Data records
----

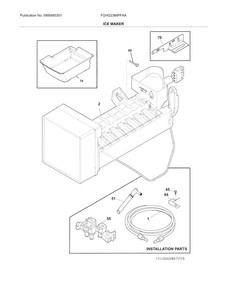 Ice Maker Diagram and Parts List for FGHG2366PFAA  Frigidaire Refrigerator
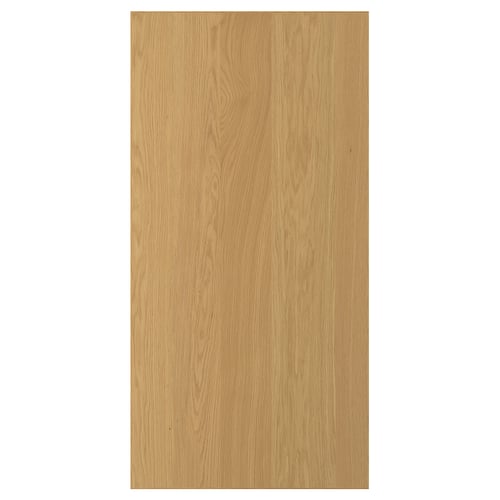 Een SINARP houten deur in lichtbruin. Gemaakt van eikenfineer met een massief eiken rand. Rechthoekig, met een eenvoudig, elegant ontwerp.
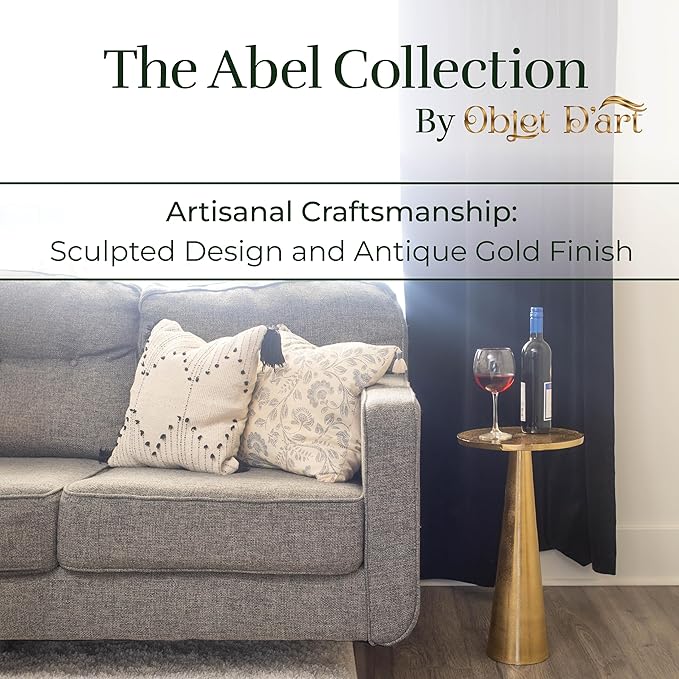 OBJET D'ART Small Round Gold End Tables, Vintage Metal Accent, Coctail and - Image 3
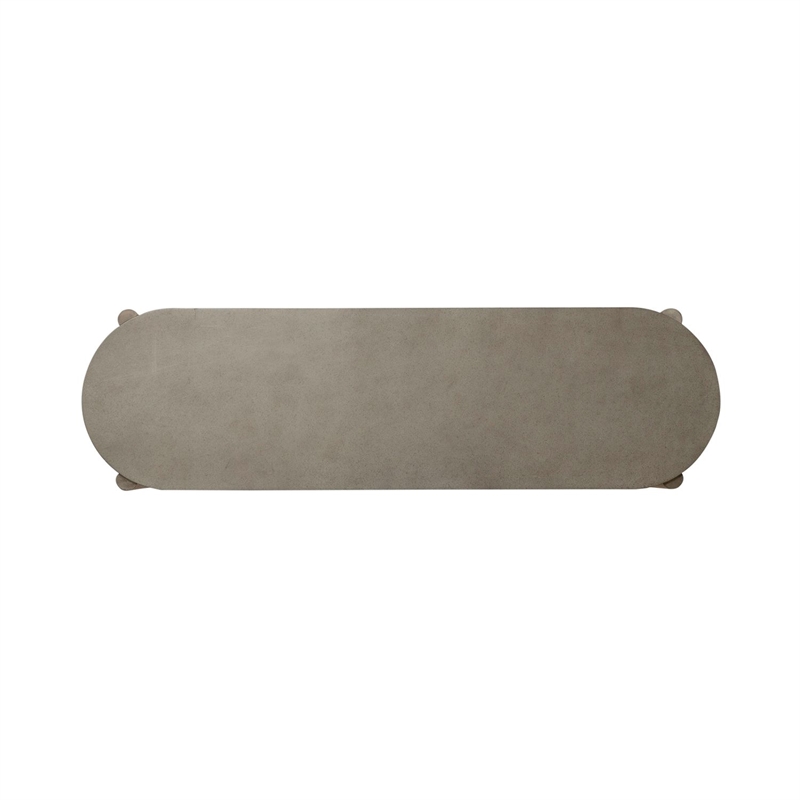 Pemberly Row Sofa Table with Faux Concrete Top and Open Shelves in Brown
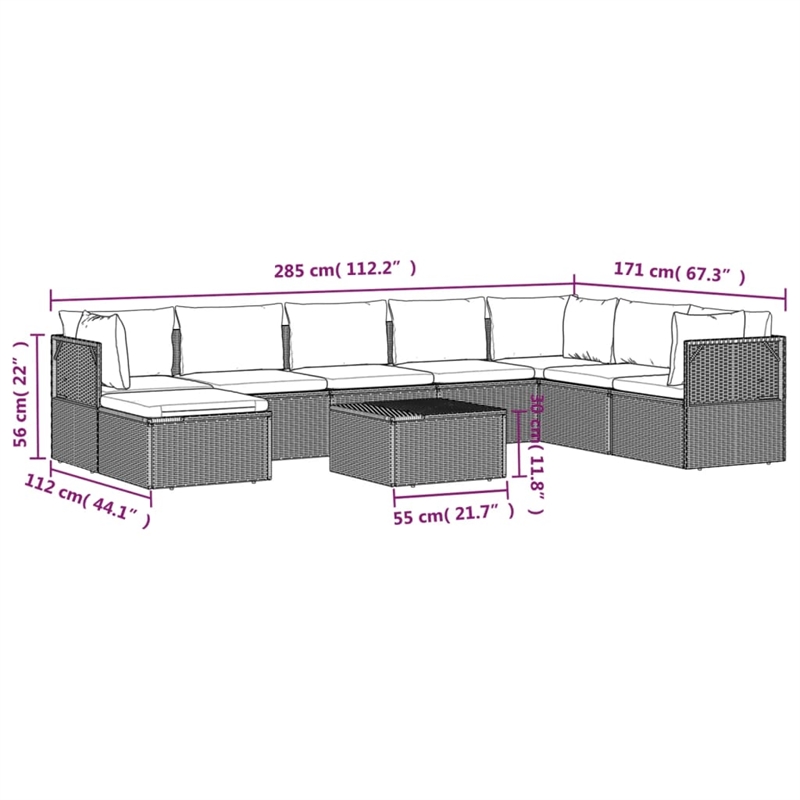 Afuera Living Contemporary 9 Piece Poly Rattan Garden Lounge Set in Gray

----

WHAT YOU SHOULD DO
Please set down the records above verbatim, with each picture left out.

TASK SOLUTION
 Ice Maker Diagram and Parts List for FGHG2366PFAA  Frigidaire Refrigerator
 Een SINARP houten deur in lichtbruin. Gemaakt van eikenfineer met een massief eiken rand. Rechthoekig, met een eenvoudig, elegant ontwerp.
 OBJET D'ART Small Round Gold End Tables, Vintage Metal Accent, Coctail and - Image 3
 Pemberly Row Sofa Table with Faux Concrete Top and Open Shelves in Brown
 Afuera Living Contemporary 9 Piece Poly Rattan Garden Lounge Set in Gray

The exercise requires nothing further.